5. A exigência de registro destina-se a assegurar a boa prestação dos serviços, com o controle do Conselho Regional, de modo que a aceitação irrestrita da aplicação do regime jurídico previsto na Lei 4.886/65 estimularia a atuação sem registro. 6. Aplicação aos prestadores de serviços de representação, não registrados no respectivo Conselho Regional, das disposições do Código Civil, que, apesar de prever a remuneração pelos serviços prestados, não contempla a indenização prevista no artigo 27 da Lei 4.886/65.
7. Recurso especial provido.
(REsp n. 1.678.551/DF, relator Ministro Paulo de Tarso Sanseverino, Terceira Turma, julgado em 6/11/2018, DJe de 27/11/2018. Sem grifo no original).
Por fim, destaca-se que o contrato de representação comercial possui, de regra, cláusula de exclusividade de atuação de agente por zona. Essa exclusividade não é requisito essencial, podendo ser afastada por ajuste expresso em contrato. No tocante à comissão, não há previsão legal a respeito, de modo que, por força da liberdade contratual existente entre as partes e da não existência de vedação, cabe a elas pactuarem a respeito.

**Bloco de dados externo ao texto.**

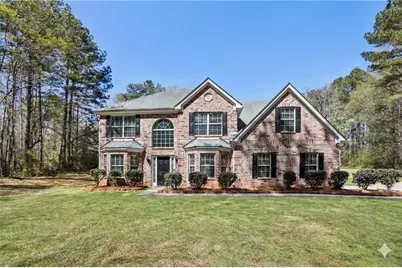 136 Hanes Creek Drive, Stockbridge, GA 30281 - Photo 1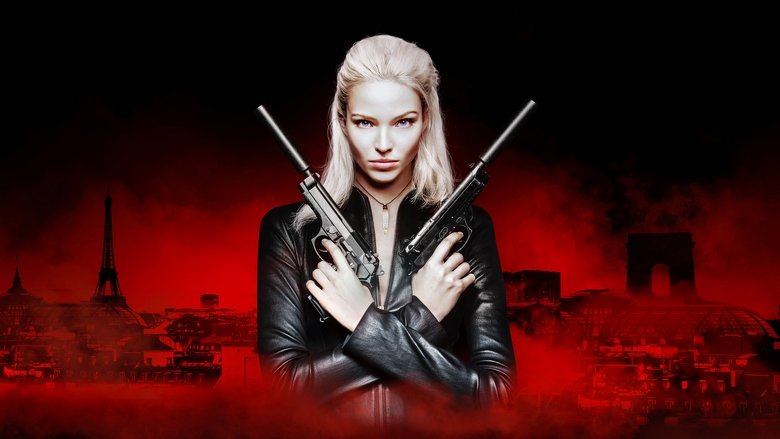 кадр из фильма Анна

Empós as noções apresentadas, verifica-se que ambos os contratos possuem a finalidade promover a realização de negócios jurídicos por um agente, mediante contrapartida. Contudo, elementos cruciais diferenciam os instrumentos, dos quais se destacam dois: o de que ao representante cabe a intermediação de negócios que envolvam bens e serviços, enquanto que ao comissário somente a realização de negócios que envolvam bens, e o de que o primeiro apenas atua como intermediário, enquanto o segundo realiza os negócios em nome próprio. Assim, divergem essencialmente quanto ao tipo de negócio que são compatíveis.
É o parecer.
Itajaí/SC, 23 de maio de 2024.
Isaque Tolentino Teixeira
OAB/SC 68.576
Referências das fontes citadas
GOMES, Orlando. Contratos. 26 ed. rev., atual. e ampl. Rio de Janeiro: Forense, 2009.
TARTUCE, Flávio. Direito civil, v. 3: teoria geral dos contratos e contratos em espécie / Flávio Tartuce. 9 ed. rev., atual. e ampl. São Paulo: Método, 2014.